*ASSIGNMENT:* The pictures stay out; all of the data is to be printed exactly.

*DATASET CONTENT:*
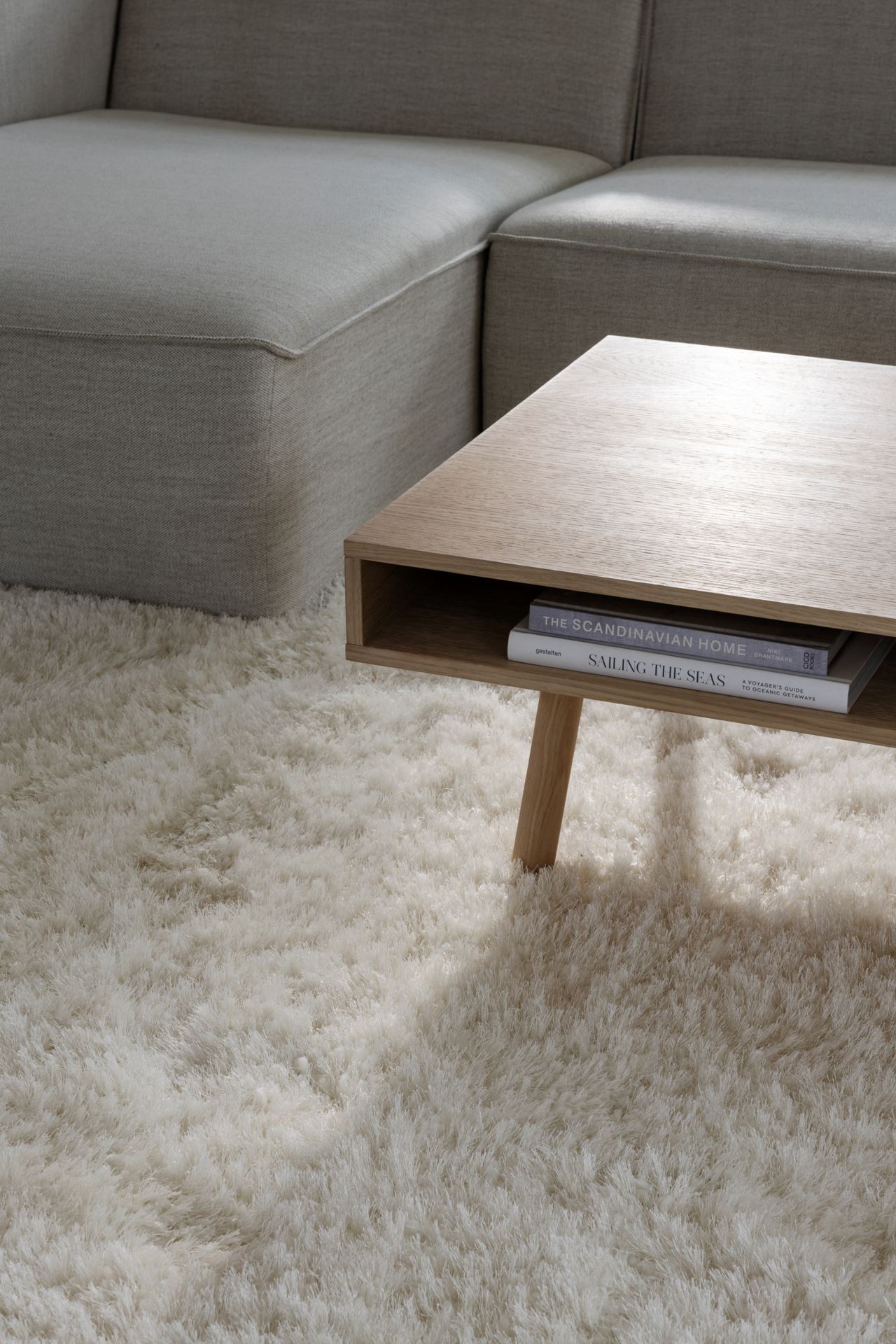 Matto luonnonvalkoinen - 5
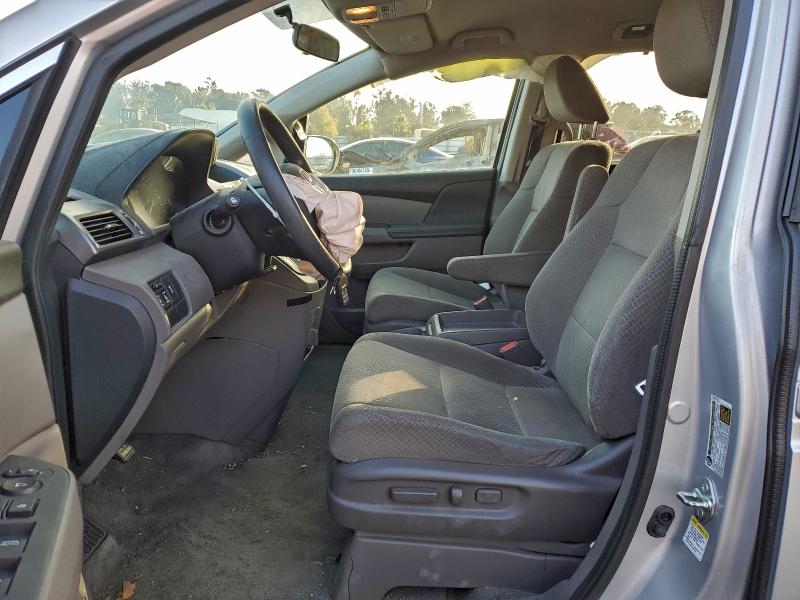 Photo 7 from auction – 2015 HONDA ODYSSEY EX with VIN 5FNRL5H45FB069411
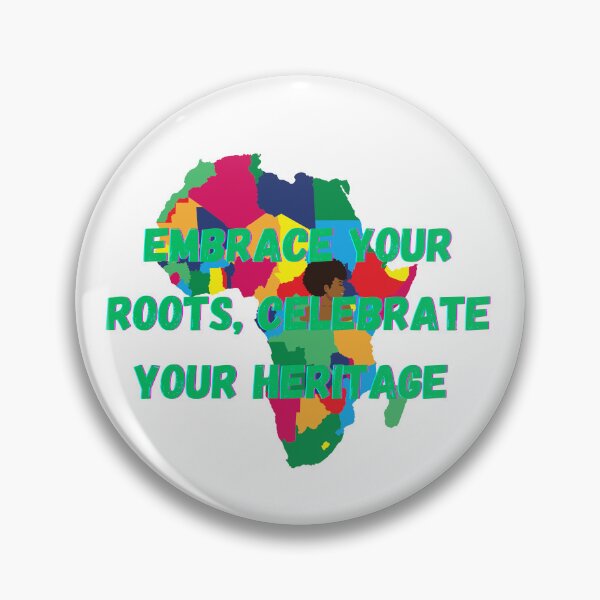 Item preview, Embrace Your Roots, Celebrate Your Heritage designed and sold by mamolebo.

*SOLUTION FOR THIS PROBLEM:*
 Matto luonnonvalkoinen - 5
 Photo 7 from auction – 2015 HONDA ODYSSEY EX with VIN 5FNRL5H45FB069411
 Item preview, Embrace Your Roots, Celebrate Your Heritage designed and sold by mamolebo.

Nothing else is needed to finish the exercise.